この世には、男性しか入れない場所というものがある。男性用トイレに、男風呂……。もちろん女性しか入れない逆バージョンも山ほどあるが、レンタルビデオ屋のAVコーナーは基本的には男性エリアだ。
のれんのようなビラビラの入り口をかき分け、AVコーナーへズズイと進入すると、空気がガラリと様変わりする。ある意味、戦場。だが、平和。そしてこの場にいる男性客は、なぜかみな紳士なのである。あれは一体なんなのか。
・譲り合いの精神
世の中には様々な紛争があるが、AVコーナーに争い事は皆無である。無言の「譲り合いの精神」があり、「決して他人を邪魔しない気遣い」がそこにはある。他人の真横に立ってAVを選ぶなんてことは絶対にない。絶対にだ。
・男の本能のルールがそこにはある
誰かが「特定の趣味」のコーナーを真剣に見ており、もしも自分と趣味が合致していても、先駆者が選び終わるまでは決してその場に立ち入らない。誰に教わったわけでもないが、男の本能のルールがそこにはある。
・ハンターでもありシェフでもある戦士
なぜ他人の邪魔をしないのか。それは、皆が真剣だからである。瞳がマジすぎるからである。獲物を狙うハンターでもあり、最高の食材を選ぶシェフでもあり、地雷を避ける戦士でもある。そんな瞳だ。野獣の瞳といっても過言ではない。
・争い事はない
あまりにも夢中かつ真剣にAV作品の選考に集中しすぎて、他人とぶつかってしまったとする。だが、「なんだコラ!」なんて言う無法者は、ここにはいない。
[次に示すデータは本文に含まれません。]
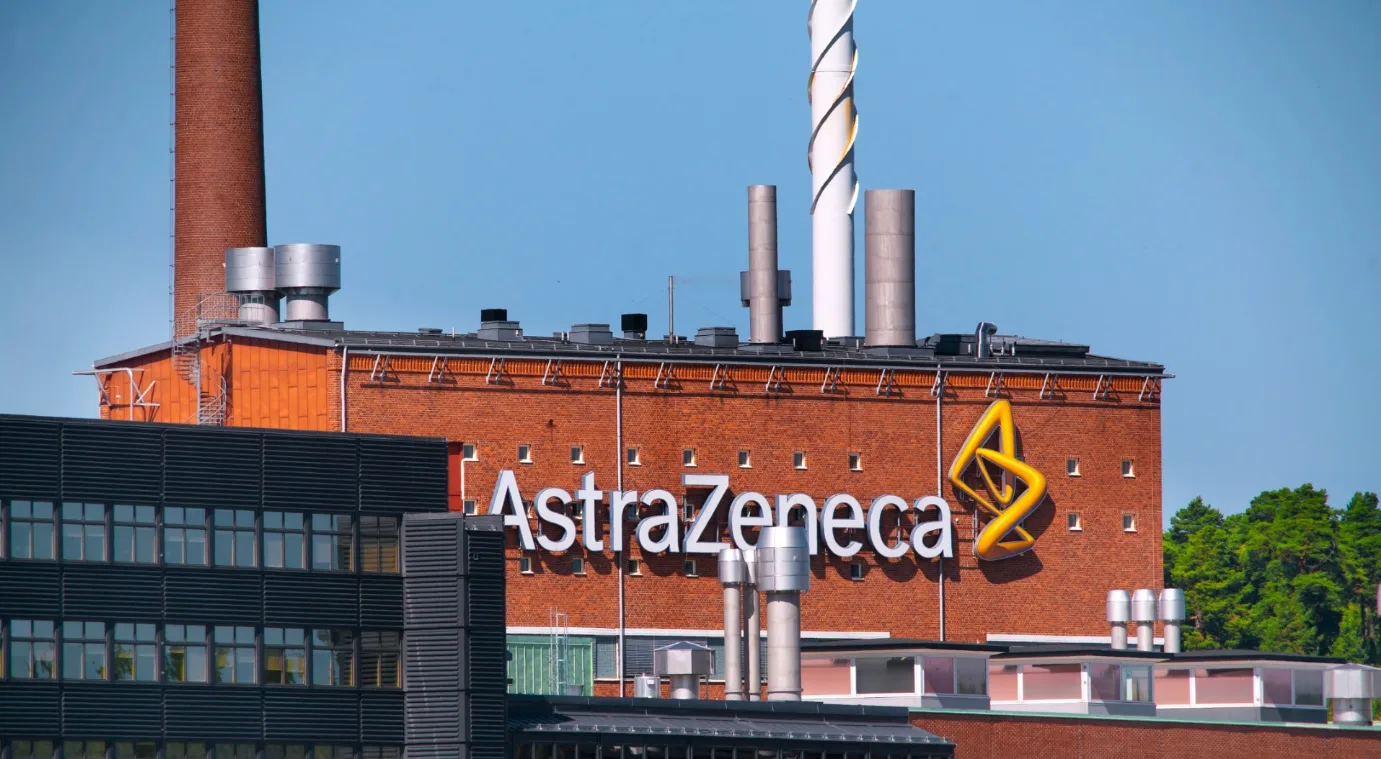 Sediul AstraZeneca, simbol al inovației în tratamentele antiobezitate.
「あっ、すみません」、「失敬」で大団円。実に礼儀正しいのである。
・無法者の乱入にも動じないのが紳士
たまに、「ギャハハ」と騒ぎながら選ぶ若者軍団や、冷やかしで入ってくる若者カップルなどもいたりするが、決してAVコーナーの紳士たちは動じない。心の底では「早く消えろ」と思っているが、決して動揺はしないのである。
・全世界をAVコーナーに……
人と人が集まれば、必ずや争い事が生じる。だが、AVコーナーにはそれがない。むしろ普通の生活よりも、紳士的にふるまえる。となると、「全世界をAVコーナーにしたら世界平和になる」と考えがちだが、私はそうは思わない。
・アダルトだから紳士なのではない
たとえば、『ドン・キホーテ』のアダルトコーナー。AVというかアダルトグッズのコーナーだが、紳士な空気は皆無である。レンタルではなく、販売用のAVが山ほど置いてあるショップも、そこまで紳士的な空気は感じない。空気が「荒れている」のだ。
・島国だからサムライなのだ
広げすぎると、きっとああなる。大陸続きだと、国境も曖昧になる。「レンタルビデオ屋」という広い世界の、「AVコーナー」という島国だからこそ、侍のような礼節を重んじる文化が生まれるのだ。そう、レンタルビデオ屋のAVコーナーは「サムライコーナー」なのである。